Once we were all packed and ready to go, we called in at the house to give our thanks and say goodbye. Mickey invited us in for coffee and to tell us that she and Hado had been reading our blog after running it through Google Translate. She then offered to write down the Japanese for key phrases which we might need, such as “Where is the nearest campsite?”, and Hado laminated them for us. She also said that if we called her mobile she would do “distant translating* if we are struggling to communicate. Wasn’t that kind?
As we were leaving we were handed a bag of “emergency food” which Hado had got for us. This included green tea Oreo cookies and green tea KitKats. So far we have only tried the latter and they were surprisingly scrumptious despite their strange (to Western eyes) look.
Having said our goodbyes we set off uphill through the wooded countryside before descending into Wakayama from where the ferry to Shikoku Island departed. As we reached the outskirts of the city a car with a middle aged couple pulled alongside and the lady waved vigorously at us while smiling. There ensued a very friendly conversation in which about one word in a hundred was understood by the other party with much repeating of phrases and hand waving – to little avail unfortunately. It was a real pity that we could not communicate properly because they seemed to be lovely, friendly people.
We made our way to the ferry terminal to buy the tickets (¥2,700 or about £18 each one way including bikes) and then, with a couple of hours until departure, set off to find lunch and Wagayama castle. This looked very impressive set on top of a hill but, as time was short, we did not feel inclined to climb up to look around. Instead we looked round a lovely little garden in the grounds where there was an old bridge for which you had to take off your shoes when crossing.
We have been on smarter ferries but I am not sure we have been on a faster one (if you exclude jetfoils, etc.). This one certainly went at a fair lick. Arriving in Tokushima, a city of ¼ million people, we headed for what appeared on Google Maps to be a campsite even though we could not find it listed anywhere. It was close to a youth hostel so we figured we had a fall back position if necessary.
Most of the 10 or so km were through the city until we turned off towards the beach where we were headed. The road climbed up a “cheeky” little hill and immediately went down the other side through a wood in which the “trees” were actually bamboo. Arriving at our destination there was no sign of a campsite. As we stood looking at an information board a lady approached us asking, in very good English, if she could help. She said there was no campsite but it would probably be OK to stay there although it would get very dark.
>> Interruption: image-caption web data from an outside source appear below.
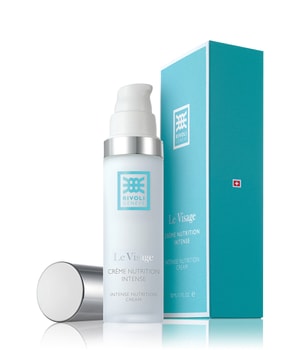 RIVOLI Le Visage Crème Nutrition Intense Gesichtscreme-50 ml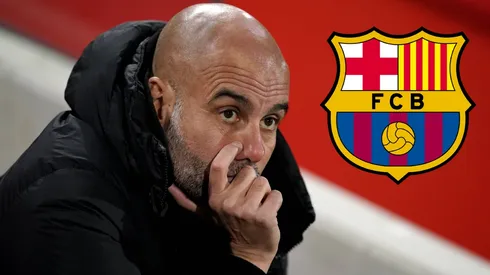 Barcelona buscará otra vez a un descarte de Guardiola.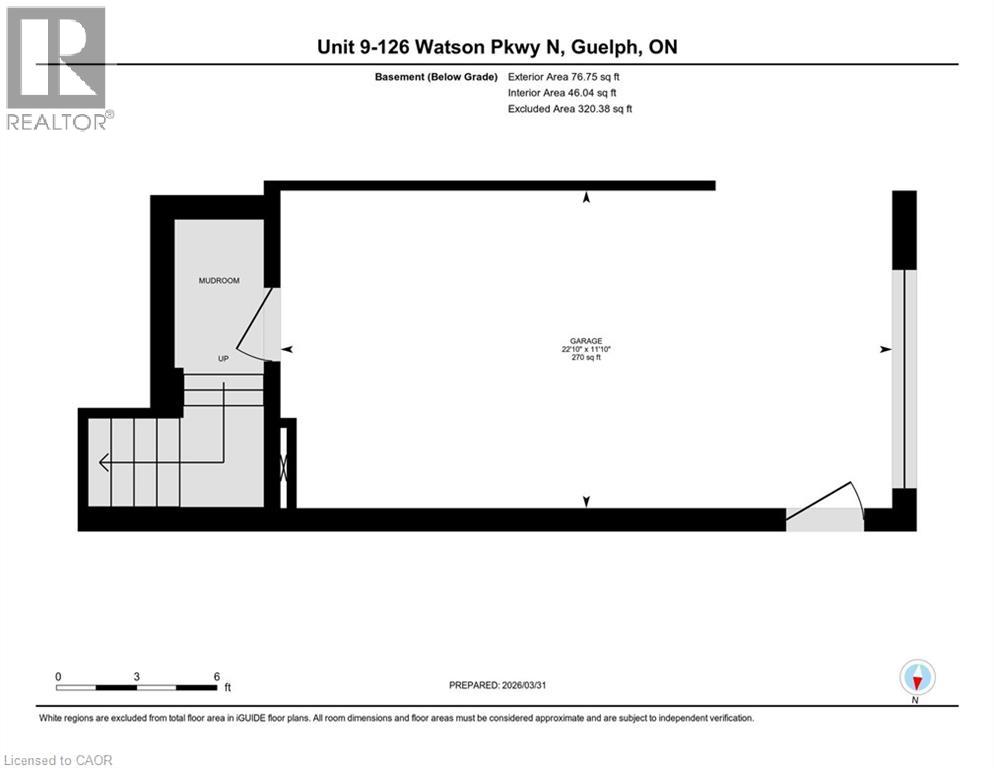 126 Watson Parkway N Unit# 9, Guelph, Ontario  N1E 0P6 - Photo 36 - 40816805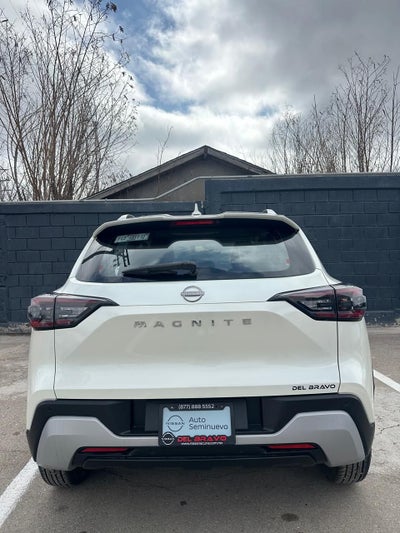 2025 Nissan Magnite 1.0 Exclusive At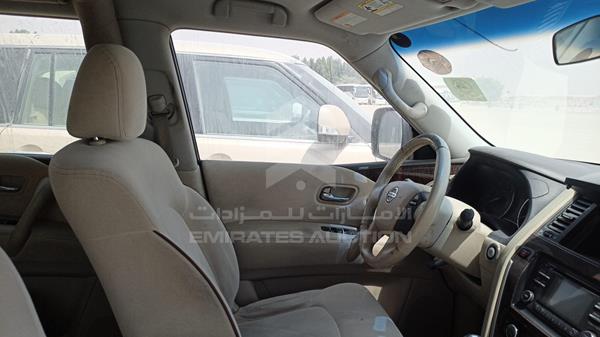 Photo 23 VIN: JN8AY2NY7E9076989 - NISSAN PATROL 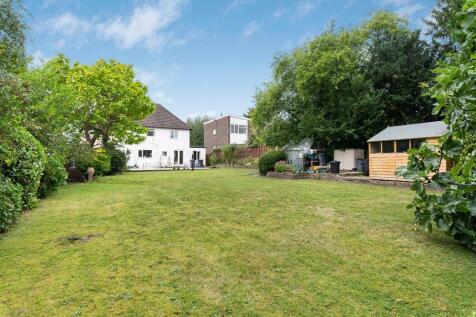 REAR OF PROPERTY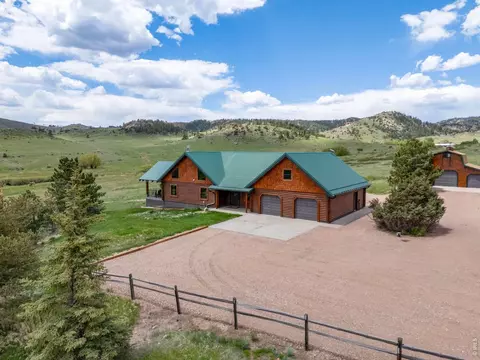 11881 W County Road 74e, Livermore, CO 80536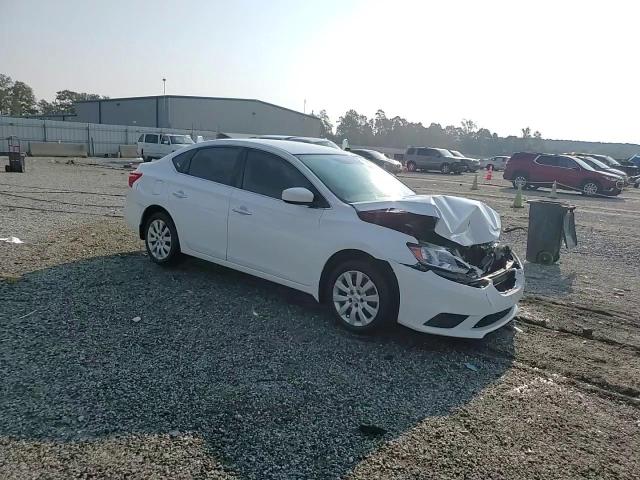 2017 Nissan Sentra S VIN: 3N1AB7AP9HY226528 Lot: 71882445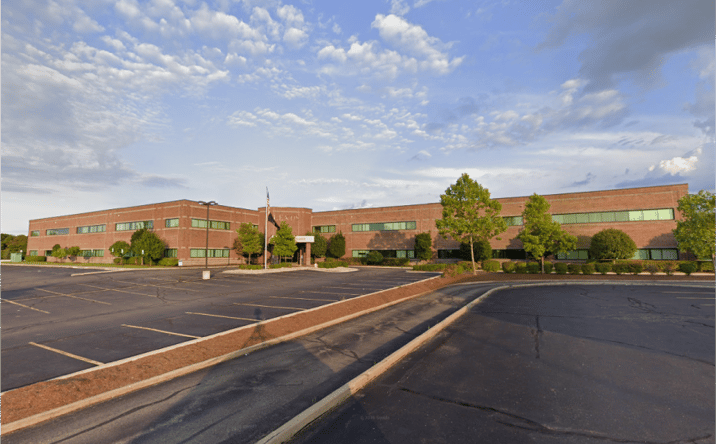 Pictures of Office property located at 44200 Woodward Ave, Pontiac, MI 48341 for sales - image #1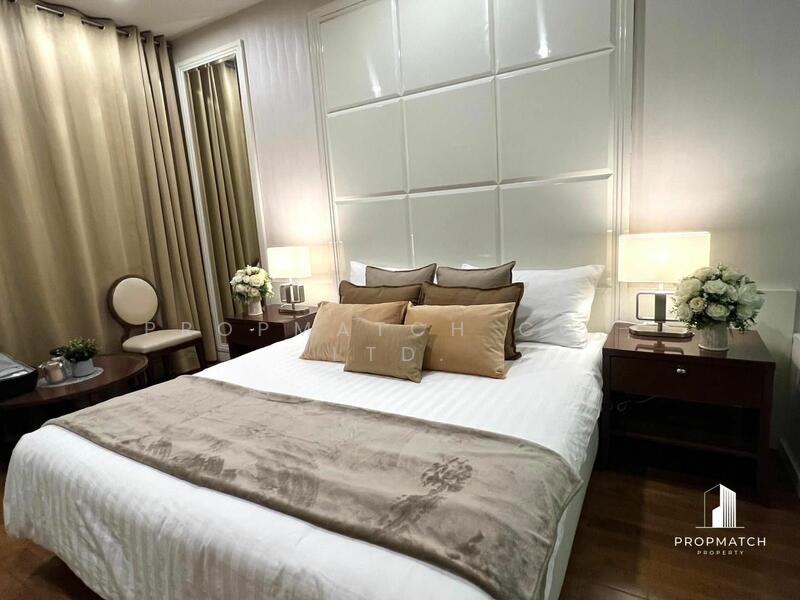 The Address Chidlom, Bangkok, Ploenchit Road, Lumphini, Pathum Wan, Bangkok, 2 Bedrooms, 57 sqm, Condo For Sale, by PROPMATCH CO., LTD., 11911659 - DDproperty.com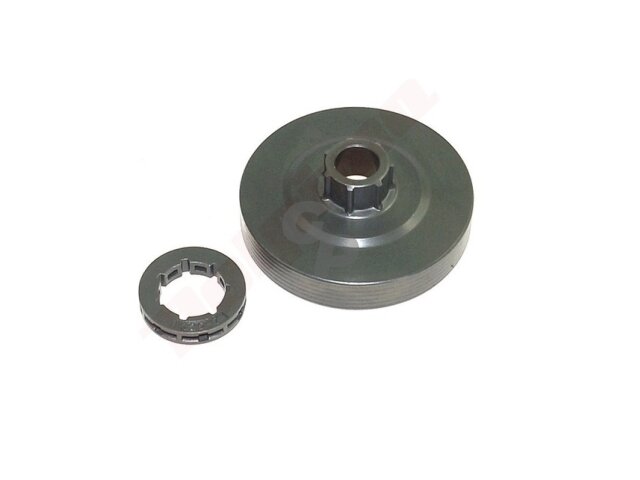 Sankabos būgnelis kiniško pjūklo 38cc 325" 7T RIM 010518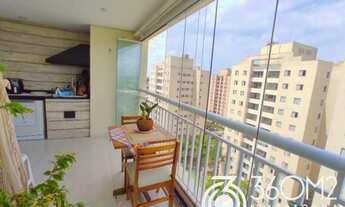 Imagem 7: Apartamento para Venda em São Bernardo do Campo, Planalto, 4 dormitórios, 2 suítes, 5 banh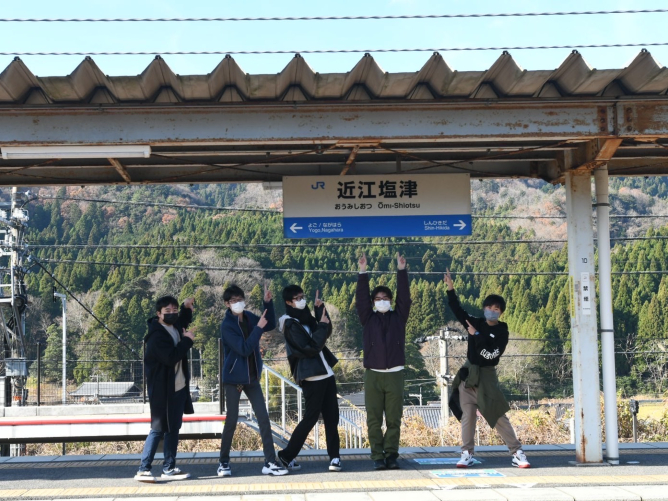 駿台観光＆外語ビジネスカレッジ大阪のcampusgallery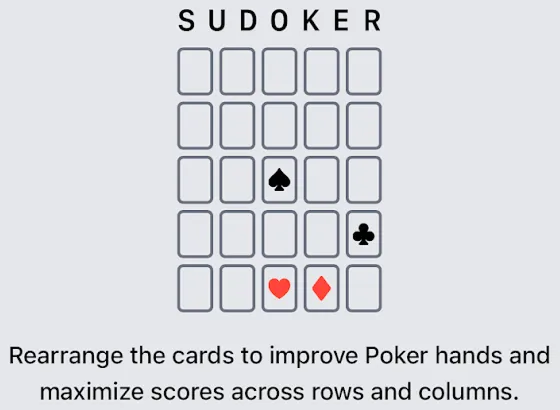 Sudoker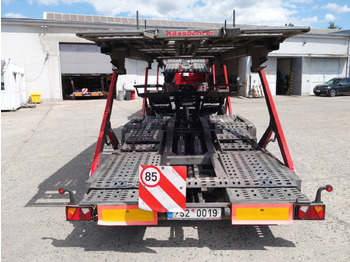 Leasing de  Volvo FM13 460 Kässbohrer 6x2 Supertrans / Supertrans Volvo FM13 460 Kässbohrer 6x2 Supertrans / Supertrans: foto 4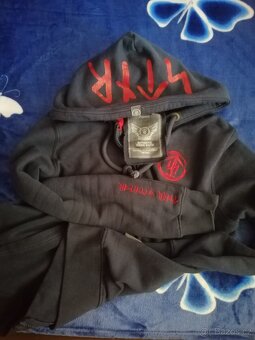 Thor steinar mikina vel M - 6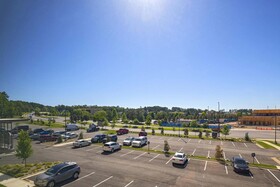 Aloft Little Rock West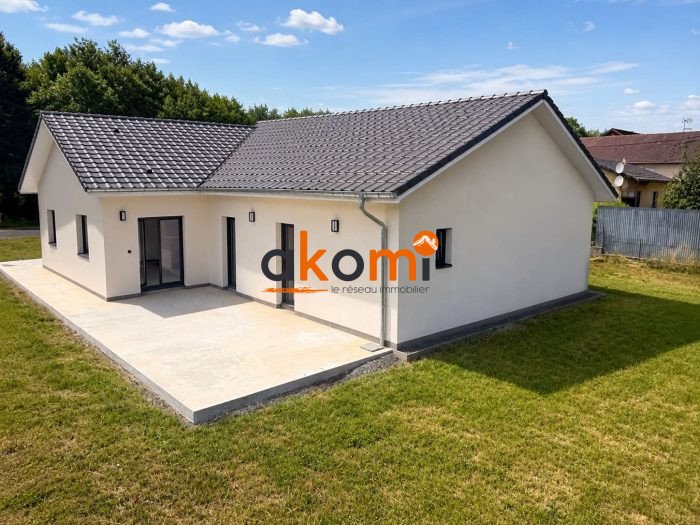 Maison à vendre, 152m², Saint-Michel-sur-Meurthe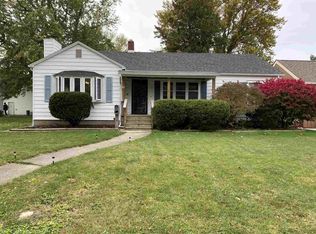 615 W Marion St, Monticello, IN 47960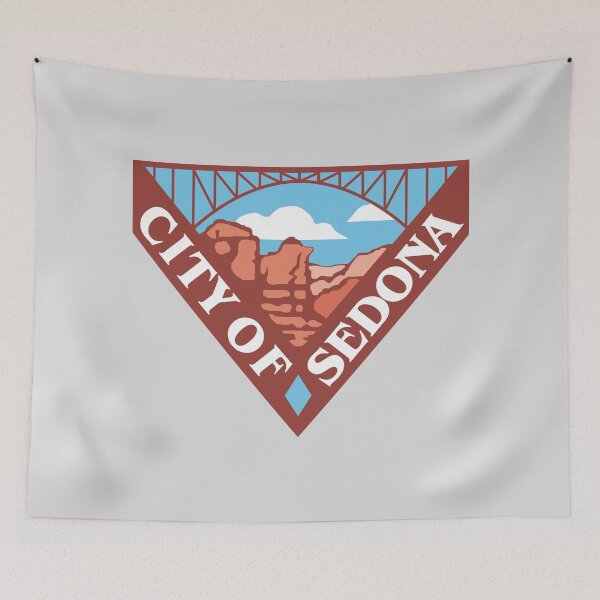 Item preview, The City of Sedona designed and sold by franklinprintco.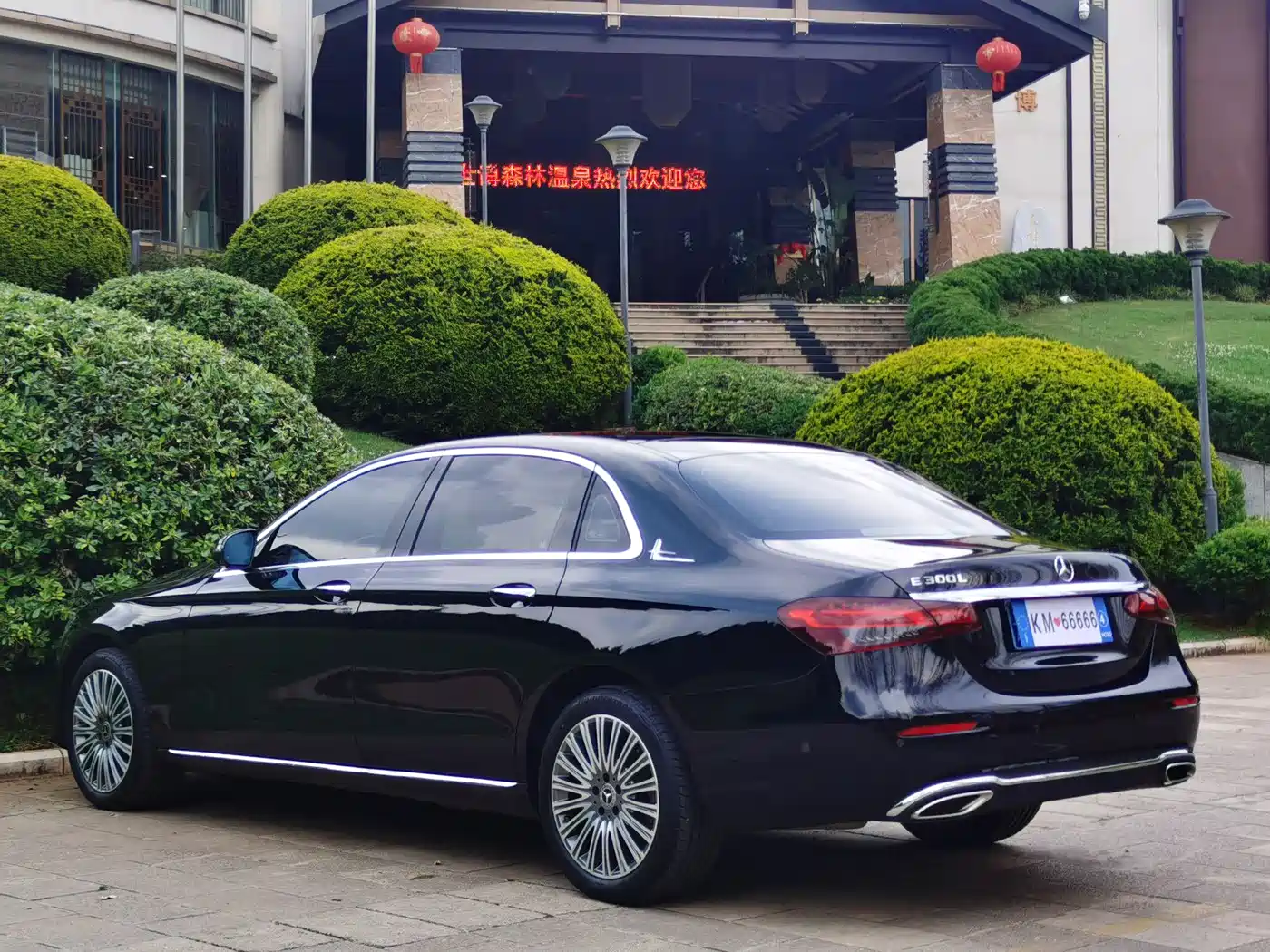 Mercedes-Benz E-Class 2023 Facelift E 300 L Fashion фото 10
If we liked we could stay in her house. Although camping would have been fine we were very grateful and accepted the offer.
As we had to go back over the cheeky little hill we hoped that Ayako could take our bags – but unfortunately she was on a motorbike rather than in a car! Ho hum. However, the thought of a kind hostess and a comfortable bed gave us renewed strength and we were soon at the house to be greeted by Peachy, Ayako’s cat who was not particularly impressed by having two strangers in his domain!